Deixaste-me neste chão sujo
agora só consigo agarrar o eco dos teus passos
não te posso seguir pois não tenho pés
vou ficar aqui neste chão gelado
vou fechar os meus olhos adormecer
sentir a maminha a acontecer
chupar o leite morno no calor do teu odor
na doçura do teu colo nas canções que me embalavam.
Já não te vejo e a luz não existe no meu olhar
não ouves as minhas lágrimas a tilintar o meu medo?
Onde está o teu amor esse tal que sempre me aqueceu
vejo o escuro e os monstros das sombras
já não vejo as estrelas nem a lua muito menos o mar e as ondas.
Mãe acho que vi o meu anjo!
é lindo!
é loiro como tu
quer dar-me a sua mão.
Posso?
Um dia falaste-me de sonhos, será isto um sonho?
O pai partiu!
não o vi mas sei.
O anjo diz-me que está no céu...
Já ganhei as asas e subi!
Mãe onde estás tu!
Mãezinha porque me abandonaste?
por não ser como as outras, não poder andar?
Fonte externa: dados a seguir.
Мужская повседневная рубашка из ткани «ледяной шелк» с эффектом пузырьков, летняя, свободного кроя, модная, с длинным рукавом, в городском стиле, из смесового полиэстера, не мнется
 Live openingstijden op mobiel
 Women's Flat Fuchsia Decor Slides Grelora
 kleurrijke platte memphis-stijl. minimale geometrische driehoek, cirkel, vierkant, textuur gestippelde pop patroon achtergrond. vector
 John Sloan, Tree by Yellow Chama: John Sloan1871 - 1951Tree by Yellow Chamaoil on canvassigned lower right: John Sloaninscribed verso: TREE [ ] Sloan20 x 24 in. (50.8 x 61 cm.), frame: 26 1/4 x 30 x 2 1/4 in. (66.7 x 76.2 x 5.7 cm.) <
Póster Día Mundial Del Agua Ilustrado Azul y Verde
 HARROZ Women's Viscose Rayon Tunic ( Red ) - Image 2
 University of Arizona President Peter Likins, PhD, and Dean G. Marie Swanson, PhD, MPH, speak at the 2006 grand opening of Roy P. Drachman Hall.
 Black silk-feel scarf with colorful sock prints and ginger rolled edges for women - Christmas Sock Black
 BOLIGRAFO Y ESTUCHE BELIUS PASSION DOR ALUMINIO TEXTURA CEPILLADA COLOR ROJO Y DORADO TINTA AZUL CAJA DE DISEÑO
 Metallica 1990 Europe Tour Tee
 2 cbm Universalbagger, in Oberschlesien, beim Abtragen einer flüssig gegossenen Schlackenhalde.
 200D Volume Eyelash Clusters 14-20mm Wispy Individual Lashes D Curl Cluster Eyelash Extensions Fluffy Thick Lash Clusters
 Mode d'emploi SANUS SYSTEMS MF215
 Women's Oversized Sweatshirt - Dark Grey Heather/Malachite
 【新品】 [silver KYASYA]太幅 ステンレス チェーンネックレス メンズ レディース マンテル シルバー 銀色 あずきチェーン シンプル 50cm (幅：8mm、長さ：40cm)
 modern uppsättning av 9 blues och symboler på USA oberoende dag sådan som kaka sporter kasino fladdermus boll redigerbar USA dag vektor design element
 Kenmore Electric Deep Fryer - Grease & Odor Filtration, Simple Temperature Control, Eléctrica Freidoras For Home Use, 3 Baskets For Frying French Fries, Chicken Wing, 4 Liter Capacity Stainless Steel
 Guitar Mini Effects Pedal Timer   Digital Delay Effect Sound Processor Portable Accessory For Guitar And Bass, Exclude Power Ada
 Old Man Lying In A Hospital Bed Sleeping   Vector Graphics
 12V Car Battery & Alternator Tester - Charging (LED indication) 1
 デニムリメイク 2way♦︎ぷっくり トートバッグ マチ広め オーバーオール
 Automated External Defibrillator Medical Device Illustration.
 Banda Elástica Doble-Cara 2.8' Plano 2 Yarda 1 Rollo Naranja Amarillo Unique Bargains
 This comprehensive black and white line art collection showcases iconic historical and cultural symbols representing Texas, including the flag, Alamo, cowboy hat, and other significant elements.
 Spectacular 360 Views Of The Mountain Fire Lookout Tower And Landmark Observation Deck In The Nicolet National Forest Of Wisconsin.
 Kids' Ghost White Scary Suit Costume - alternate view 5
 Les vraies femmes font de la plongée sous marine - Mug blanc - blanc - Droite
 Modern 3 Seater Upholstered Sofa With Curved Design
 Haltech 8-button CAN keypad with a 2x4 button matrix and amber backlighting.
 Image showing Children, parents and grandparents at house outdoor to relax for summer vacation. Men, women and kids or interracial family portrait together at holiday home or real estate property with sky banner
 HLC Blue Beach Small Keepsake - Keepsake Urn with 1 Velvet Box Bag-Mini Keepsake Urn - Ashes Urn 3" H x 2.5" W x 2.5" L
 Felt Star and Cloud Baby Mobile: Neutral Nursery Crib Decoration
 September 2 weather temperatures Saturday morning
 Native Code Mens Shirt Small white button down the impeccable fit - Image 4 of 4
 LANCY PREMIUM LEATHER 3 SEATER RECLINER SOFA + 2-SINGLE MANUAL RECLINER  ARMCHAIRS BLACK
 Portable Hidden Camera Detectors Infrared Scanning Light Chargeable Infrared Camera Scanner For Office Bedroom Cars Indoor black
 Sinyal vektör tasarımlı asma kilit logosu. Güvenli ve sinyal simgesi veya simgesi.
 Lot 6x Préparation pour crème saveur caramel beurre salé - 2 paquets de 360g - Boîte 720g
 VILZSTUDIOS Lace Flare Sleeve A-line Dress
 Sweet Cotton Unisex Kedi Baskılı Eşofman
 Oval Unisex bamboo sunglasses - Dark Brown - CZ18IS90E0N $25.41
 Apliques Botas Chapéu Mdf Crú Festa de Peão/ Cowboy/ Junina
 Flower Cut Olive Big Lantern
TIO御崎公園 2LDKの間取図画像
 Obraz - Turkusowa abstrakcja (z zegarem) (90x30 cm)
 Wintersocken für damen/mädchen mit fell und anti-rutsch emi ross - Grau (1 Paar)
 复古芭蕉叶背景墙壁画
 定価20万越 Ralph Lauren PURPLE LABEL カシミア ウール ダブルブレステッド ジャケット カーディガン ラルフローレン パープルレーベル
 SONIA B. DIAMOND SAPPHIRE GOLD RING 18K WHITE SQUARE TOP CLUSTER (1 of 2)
Por chorar desde pequenina, por não ter o meu pai?
Sei que sempre me amaste e agora?
Sabias que sei contar os beijos que me davas, os abraços?
Sei que tínhamos sempre fome
ouvia-te chorar baixinho
sentia a tua mão quente afagar-me a aflição a falar.
Mãe aconteceu algo!
Sou agora luz junto ao pai.
Já não tenho medo nem esse mundo que nunca compreendi.
Mãe estão a falar-me de perdoar
Mãezinha, eu perdoo-te!
Amo-te como sempre amei
Quero que sorrias e fales comigo pois estarei sempre ao pé de ti.